3 Kasım 2002 tarihini erken seçim günü ilan ederek AKP’yi üstümüzde egemen kılanlar, bu egemenlerin egemenliğini neredeyse ölümsüzleştirmek için yine işi yokuşa sürüyorlar ve ülkeyi yeniden bir erken seçime sürüklüyorlar. Yenilen yiğit güreşe doymazmış, hatta yöneticiler akıllarını başlarına devşirmezlerse, yiğit sanılanlar yeniden barajın altına bile gidebilirmiş. Demedi demeyin.

 

TUNUSLU FİTNECİ

17 Aralık 2010 günü 26 yaşındaki Tunuslu Muhammed Buazizi, bir pazar yerinde kendini yakmış olmasaydı, bugünlerde Beşar Esad ve İngiliz eşi Esma sultan yine Bodrum sahillerinde kendisini kardeşim diyerek kucaklayan biriyle tatil yapıyor olacaktı. Ne IŞİD ne terör maymuncukları, tüm suç Tunuslu fitnecinin.

 

ADALETSİZLİK ÜZERİNE

 

Adaletsizliğin ve yolsuzluğun hüküm sürdüğü yerlerde toplumun alt kesimlerinin görmezden gelinmesinin mecburiyeti vardır.

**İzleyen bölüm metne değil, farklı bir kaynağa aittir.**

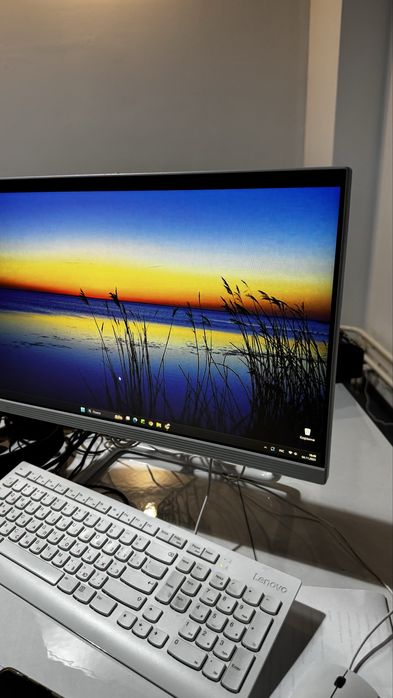 Моноблок Lenovo Ryzen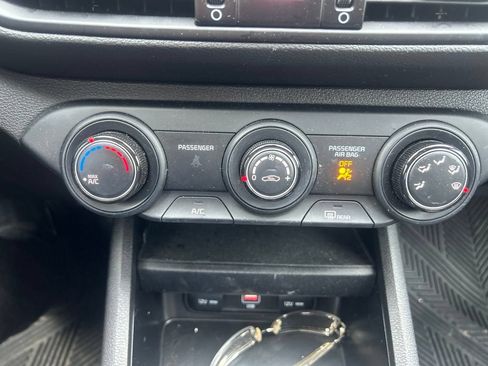 Certified 2023 Kia Forte LXS FWD image 9
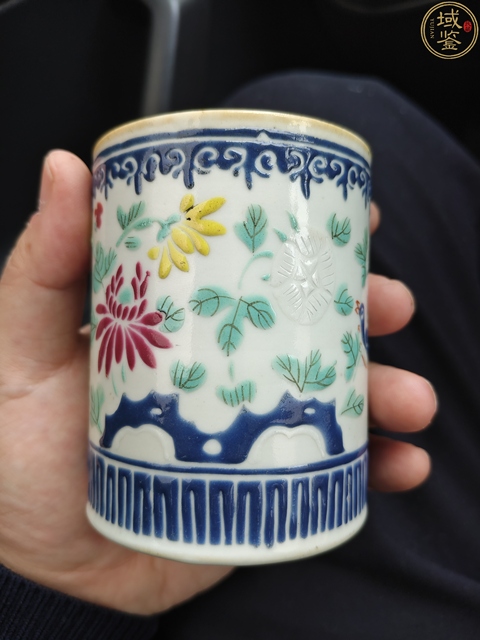 古玩陶瓷乾隆·粉彩花鳥(niǎo)筆筒(馬未都舊藏)拍賣(mài),當(dāng)前價(jià)格38000元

Yolsuzluğun yapılabilmesi için gasp edilen hak ve karşılığı zenginliklerin olması gerekmektedir. Yolsuzluğun adaletle düzeltileceği gerçeğinden ise, adaletsizliğin olağanlaştırılması lazımdır. Şimdi ülkemizde de aynen böyle oluyor.

Son 13 yıldır ülkeyi yönetenler, alt tabaka ve ezilenlere iyice sırtını dönmüş durumdadırlar. Fıtrat sıfatlı kazalarla halk yoksulluk kaderlerine ilaveten ölümlere gönderiliyor. Karşı koymalara mani olmak için, seçim barajları düşürülmüyor, düşünceyi baskı altına almak için ise, gece mesailerinde makul fıtratlı tutuklama ruhsatları yasalaştırılmaktadır.

Şimdi siz bu engellere karşı koymak yerine, yasamanın mabedini yine aynı ellere teslim ettiniz. Allah ile birlikte şükür ki şimdi bütün bu olan bitenleri milletimiz de görüyor.